=== Assigned task ===
Below are records; please set down exactly the lines from the first through the one containing "polestar-charge-user-charging-polestar-3-car".

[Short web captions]
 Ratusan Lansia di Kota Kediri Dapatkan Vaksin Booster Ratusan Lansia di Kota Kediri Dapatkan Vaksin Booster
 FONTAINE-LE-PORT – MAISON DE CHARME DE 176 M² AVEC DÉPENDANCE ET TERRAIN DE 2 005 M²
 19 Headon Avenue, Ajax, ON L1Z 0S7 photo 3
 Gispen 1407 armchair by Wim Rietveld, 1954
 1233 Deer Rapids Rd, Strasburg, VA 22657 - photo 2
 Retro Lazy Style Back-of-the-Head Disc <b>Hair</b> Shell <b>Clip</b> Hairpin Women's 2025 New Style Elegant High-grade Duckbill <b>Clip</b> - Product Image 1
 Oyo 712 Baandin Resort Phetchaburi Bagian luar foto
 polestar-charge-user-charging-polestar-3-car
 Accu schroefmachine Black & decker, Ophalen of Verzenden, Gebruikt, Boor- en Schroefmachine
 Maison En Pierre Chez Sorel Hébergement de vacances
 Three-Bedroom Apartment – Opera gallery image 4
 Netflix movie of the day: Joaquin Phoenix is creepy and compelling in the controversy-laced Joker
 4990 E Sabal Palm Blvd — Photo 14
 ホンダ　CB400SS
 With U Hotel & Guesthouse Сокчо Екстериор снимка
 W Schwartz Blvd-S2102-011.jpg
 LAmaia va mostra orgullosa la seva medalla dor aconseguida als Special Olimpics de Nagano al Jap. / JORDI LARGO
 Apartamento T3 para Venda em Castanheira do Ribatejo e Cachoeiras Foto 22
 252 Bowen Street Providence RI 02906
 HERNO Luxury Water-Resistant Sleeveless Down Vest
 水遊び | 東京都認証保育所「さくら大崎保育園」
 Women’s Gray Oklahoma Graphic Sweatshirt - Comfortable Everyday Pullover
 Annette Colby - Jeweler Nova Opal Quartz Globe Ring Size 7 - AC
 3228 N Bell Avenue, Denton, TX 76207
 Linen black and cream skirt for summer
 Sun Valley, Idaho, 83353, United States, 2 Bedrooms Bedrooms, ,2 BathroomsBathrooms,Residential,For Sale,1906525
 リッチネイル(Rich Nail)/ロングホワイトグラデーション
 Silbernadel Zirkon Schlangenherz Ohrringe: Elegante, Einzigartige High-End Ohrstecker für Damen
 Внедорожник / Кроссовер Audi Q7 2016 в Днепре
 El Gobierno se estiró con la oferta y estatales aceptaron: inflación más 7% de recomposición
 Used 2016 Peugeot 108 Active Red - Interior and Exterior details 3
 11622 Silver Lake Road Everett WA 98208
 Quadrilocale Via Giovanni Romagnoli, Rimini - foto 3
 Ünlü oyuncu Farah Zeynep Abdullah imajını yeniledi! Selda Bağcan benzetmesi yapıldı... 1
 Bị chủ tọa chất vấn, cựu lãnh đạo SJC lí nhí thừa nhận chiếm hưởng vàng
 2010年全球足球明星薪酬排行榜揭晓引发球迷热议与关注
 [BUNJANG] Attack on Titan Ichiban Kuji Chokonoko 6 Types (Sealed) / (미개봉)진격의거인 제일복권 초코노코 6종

=== Answer to the problem ===
 Ratusan Lansia di Kota Kediri Dapatkan Vaksin Booster Ratusan Lansia di Kota Kediri Dapatkan Vaksin Booster
 FONTAINE-LE-PORT – MAISON DE CHARME DE 176 M² AVEC DÉPENDANCE ET TERRAIN DE 2 005 M²
 19 Headon Avenue, Ajax, ON L1Z 0S7 photo 3
 Gispen 1407 armchair by Wim Rietveld, 1954
 1233 Deer Rapids Rd, Strasburg, VA 22657 - photo 2
 Retro Lazy Style Back-of-the-Head Disc <b>Hair</b> Shell <b>Clip</b> Hairpin Women's 2025 New Style Elegant High-grade Duckbill <b>Clip</b> - Product Image 1
 Oyo 712 Baandin Resort Phetchaburi Bagian luar foto
 polestar-charge-user-charging-polestar-3-car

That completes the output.